What special issues await polish entrepreneurs when they take over or acquire a stake in an owner-managed company in germany?

Takeovers of German companies by Polish investors are no longer rare, although the number of transactions is smaller compared to the still flourishing investments of German entrepreneurs in Poland. The number of Polish entrepreneurs expanding into the German market is steadily increasing. This is not surprising, given the steadily growing and close economic cooperation between the two European neighbours. Apart from the obvious advantages that the German market offers to foreign investors, such as high legal certainty and good payment practices of German business partners, it is access to Germany's large sales market that is particularly attractive to Polish investors. Investors who decide to invest beyond Poland's western border often already have a well-established economic position in Poland and quite frequently also company locations and shareholdings that can demonstrate financial success in many other countries outside Poland. In recent years, it has been increasingly observed that Polish capital has been used to help German family businesses that are in a difficult situation for various reasons (e.g. due to the lack of succession). It is much easier to invest in an established German company and take over its stable market position, brand, sales markets and business partners than to build one from scratch. Finally, the geographical proximity and strong similarity of the Polish and German legal systems encourage cross-border M&A transactions, which follow a very similar process in each of the two countries. Nevertheless, there is a difference in corporate culture and – which should not be underestimated – mentality. 
Polish companies that decide to expand into Germany are often experienced investors who are supported by Polish legal advisors specialising in international M&A business, have a very good knowledge of German and know the specific legal conditions in both countries. What often surprises Polish investors is the German system of employee co-determination (which does not exist in Poland) and the fact that safeguarding the interests of different groups of stakeholders in companies, including employees, by the company owner is a very essential element in negotiations. Polish investors are usually positively surprised by the very good preparation of German business owners for the transaction, knowledge of relevant facts and figures, the open and fair conduct of negotiations, the rational and quick making of business decisions, and by the fact that what is said at the negotiating table can actually be trusted to be delivered.

What aspects should polish companies take into account when negotiating with german medium-sized businesses?

In Poland, greater attention is paid to formalities during negotiations and to ensuring that interim results of negotiations are always recorded in writing and confirmed in writing as binding by the parties involved, even during the ongoing process.
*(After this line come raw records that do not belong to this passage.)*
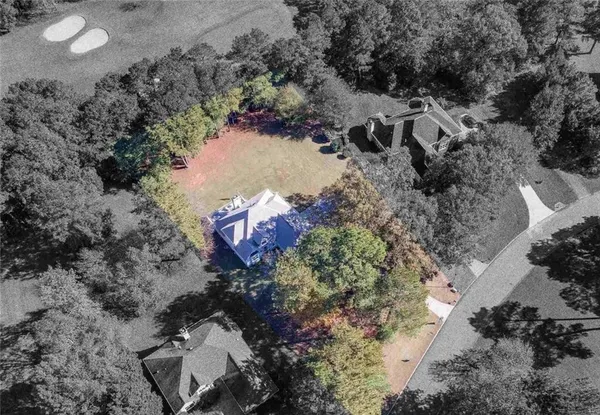 an aerial view of a house with a yard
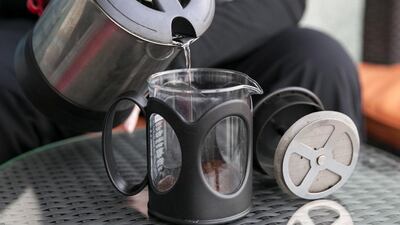 Step 3: Add hot water to the French press. Silvia Razgova / The National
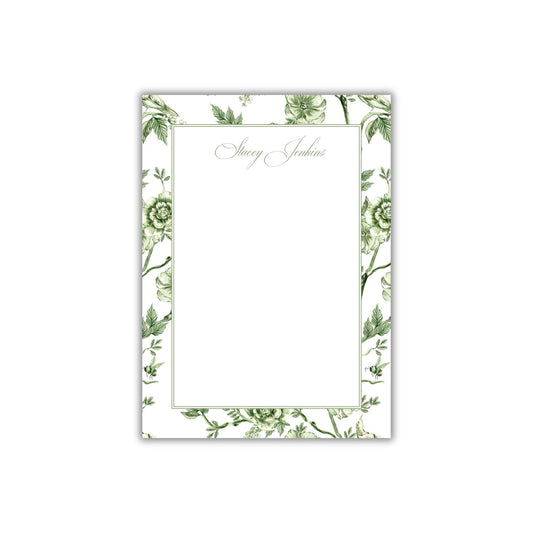 a card with a green floral design on it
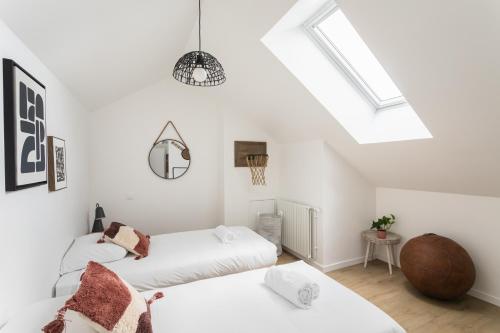 - 2 lits dans une chambre blanche avec lucarnes dans l'établissement Le Saint Martin Bis - Bel appartement moderne et confortable, à Rennes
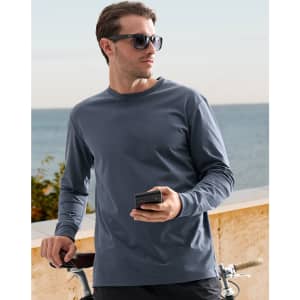 A man wearing a dark blue long-sleeve cotton tee shirt, holding a phone beside a bicycle with a coastal background.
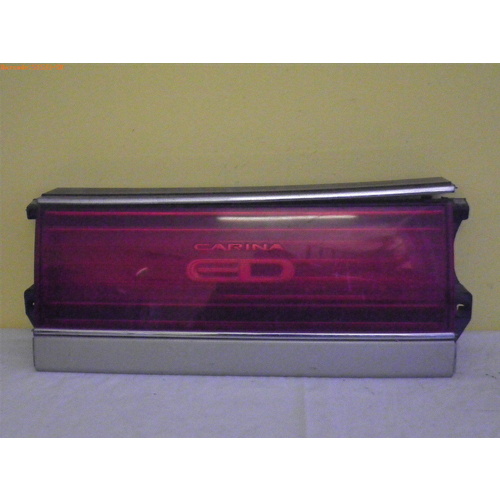 suitable for TOYOTA CARINA ED - 1992 TO CURRENT - 4DR SEDAN - REAR GARNISH BOOT LID - PP-PMMA** (WITH SILVER STRIP AT BASE) - (SECOND-HAND)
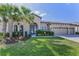 Charming home featuring a well-manicured lawn, lush landscaping, and a spacious two-car garage at 8717 Emeraldwood Way, Land O Lakes, FL 34637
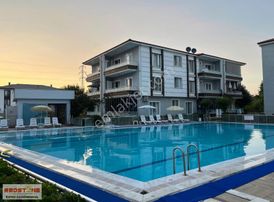 Havuzlu Sitede Ara Kat Kombili Cam Balkonlu 2+1 Satılık Daire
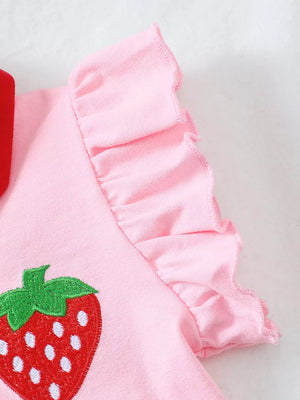Pink cotton polo with strawberry embroidery and ruffled sleeves.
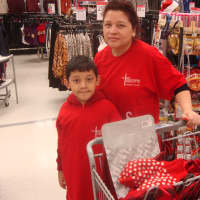<p>Heere Rane and her son volunteer their time to purchase clothes for needy families at the St. Nicholas of Westchester Shopping Day.</p>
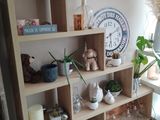 a shelf that has a clock on top of it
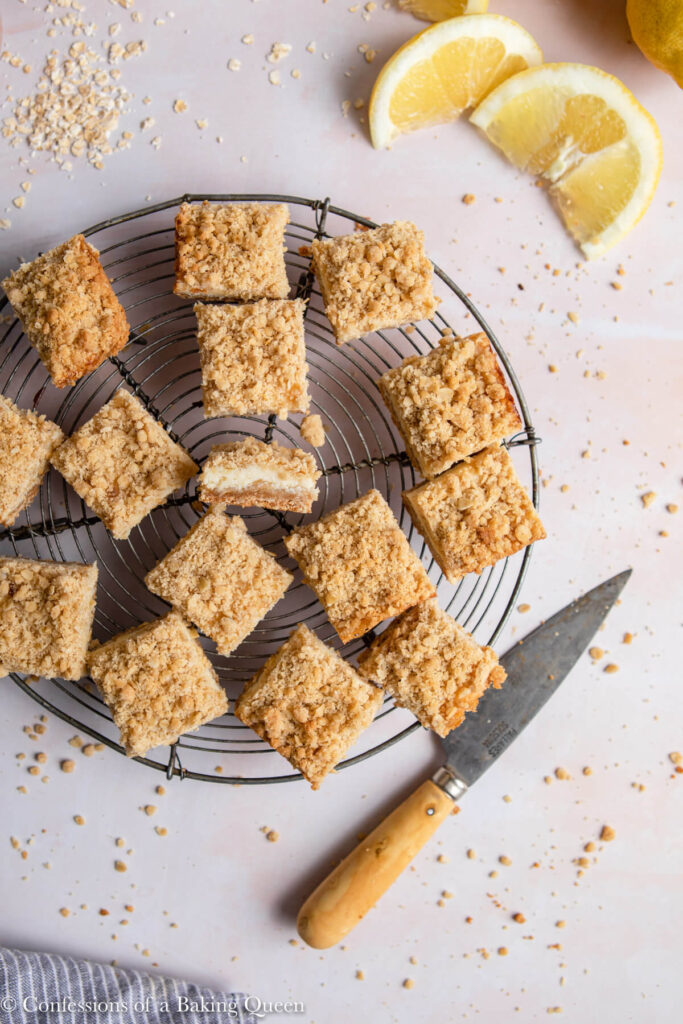 lemon crumb bars on a wire rack on a light pink surface with lemon slices, a knife, and a blue linen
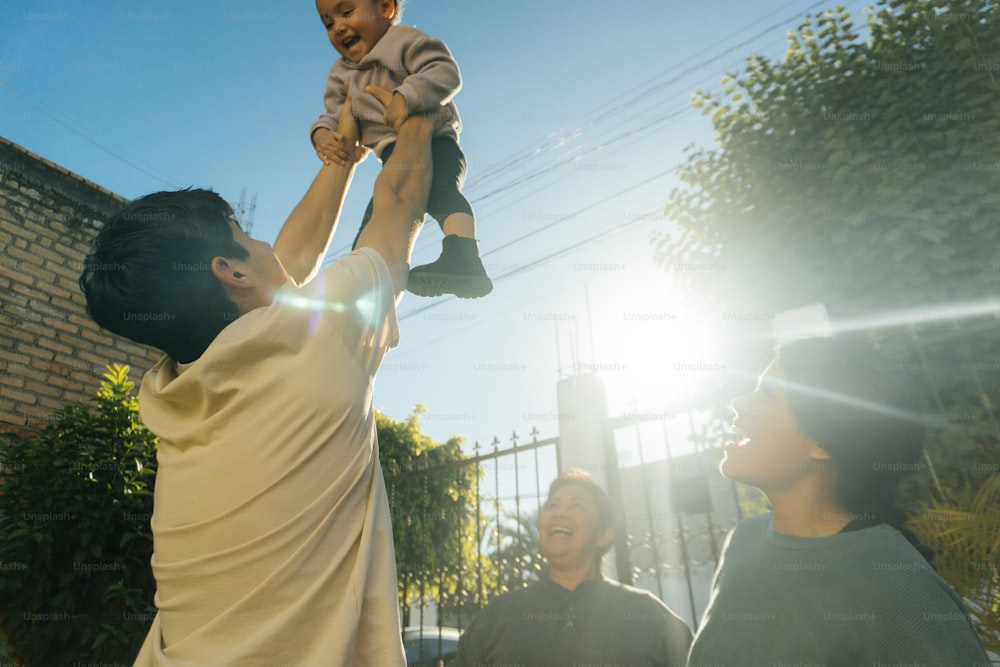 a man holding a baby up in the air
Formal and detailed safeguards in the first phase of talks when exchanging the letter of intent also play a major role in Poland. During the due diligence phase, Polish investors in Germany can be confident that circumstances relevant to the transaction concerning the target company will be presented in a well-prepared manner and disclosed honestly. However, such a disclosure principle does not exist in Poland. It is also not uncommon in Poland that the issue of adjustments of the purchase price will be raised repeatedly during a long transaction process, even though the other party had assumed that agreement had already been reached on this. In Poland, it is simply not uncommon to assume that until the purchase agreement is signed, previous agreements are not binding and can, therefore, be changed at any time. It is also not uncommon that intense negotiations take place again in the last hours before the signing, when new facts about the transaction are presented shortly before the agreement is signed, which is a part of a customary negotiating tactic.

Understandably, this often leads to considerable irritation among German counterparts, who place particular value on a certain predictability and confidence in the investment process and on good preparation. It is also important to make Polish entrepreneurs aware of a certain peculiarity of German medium-sized family businesses, whose existence often bases on the work of the whole family that is passed from generation to generation. It is particularly important to take this into account in the post-merger integration phase.